# tube advice and recommendations



## Rosscism (Jan 22, 2012)

gentlemen,

wanted to seek your advice. Up until now, I have only used flat bands. I wanted to begin using some tubes but I am not sure what to buy. Here are some of my needs:

my draw is about 45". I would like to shoot 9mm lead and steel. Standard Chinese tubes are too short.

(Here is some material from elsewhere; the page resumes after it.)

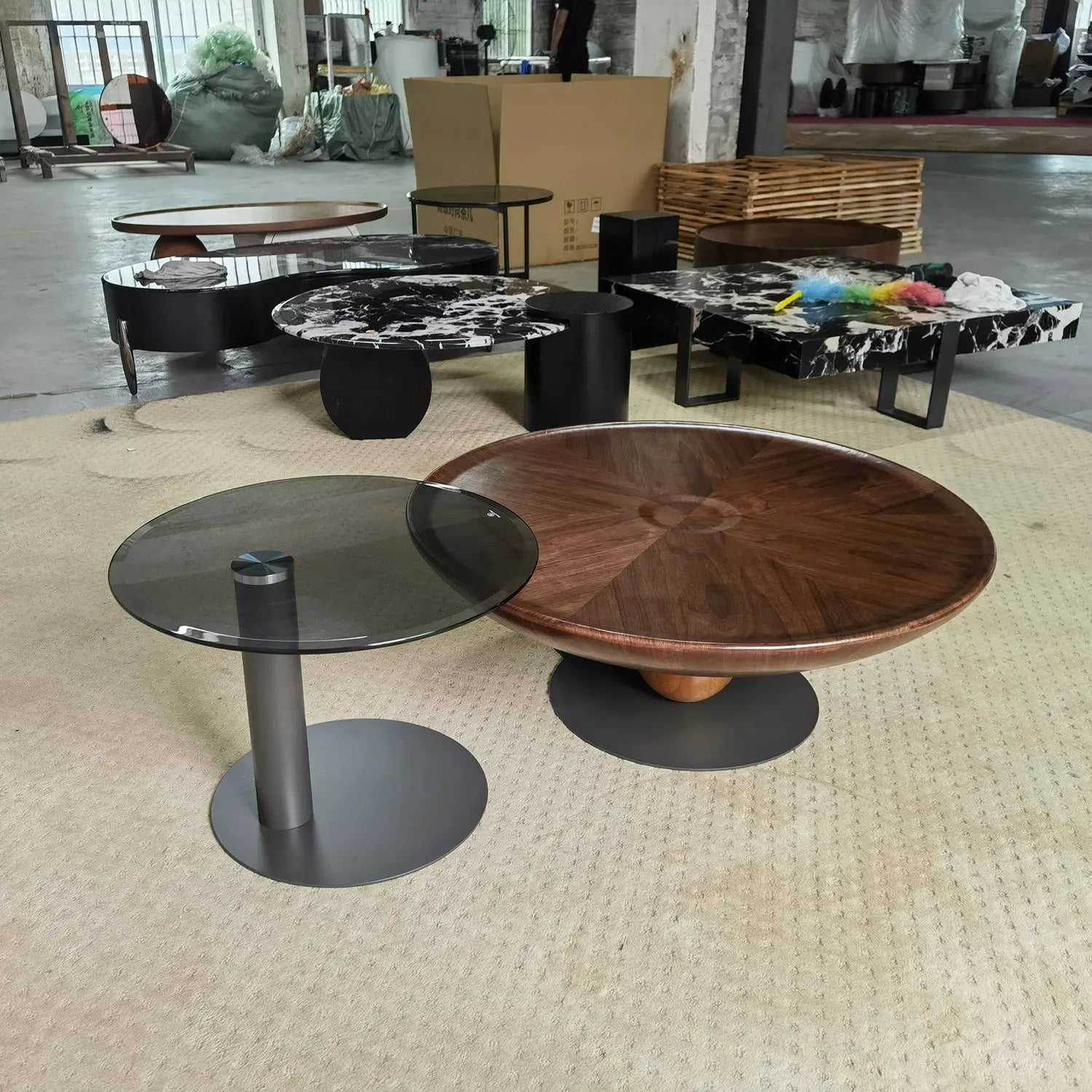 Nordic Steel Wood Top Round Veneer Tea Table Set Living Room Coffee Table Combinations Marsiling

any advice would be appreciated.

ross


----------



## Tube_Shooter (Dec 8, 2012)

Rosscism said:


> gentlemen,
> 
> wanted to seek your advice. Up until now, I have only used flat bands. I wanted to begin using some tubes but I am not sure what to buy. Here are some of my needs:
> 
> ...


Hi mate 2040 amber tubing is what I use same draw length ish also I like 3050 looped good for singles too 

PS I use the 2040 looped only


----------



## Henry the Hermit (Jun 2, 2010)

Rosscism said:


> gentlemen,
> 
> wanted to seek your advice. Up until now, I have only used flat bands. I wanted to begin using some tubes but I am not sure what to buy. Here are some of my needs:
> 
> ...


Some of our Vendors offer longer looped Chinese rubes, or you could build your own. It's really easy and you can cut them any length you want.


----------



## Adirondack Kyle (Aug 20, 2012)

TeX tubing is great


----------



## All Buns Glazing (Apr 22, 2012)

You can buy tubing from dankung.com also. Cheap and congress in rolls of 10m. 2040 and 1842 tubing from dankung is a versatile tubing!


----------



## JetBlack (Mar 9, 2012)

single tex tube works for me with 9mm steel. single 1745s work well too...


----------



## Rosscism (Jan 22, 2012)

Thank you, guys! Where can I find a list of Tex's items for sale?


----------



## Adirondack Kyle (Aug 20, 2012)

In the vendors section of the forum


----------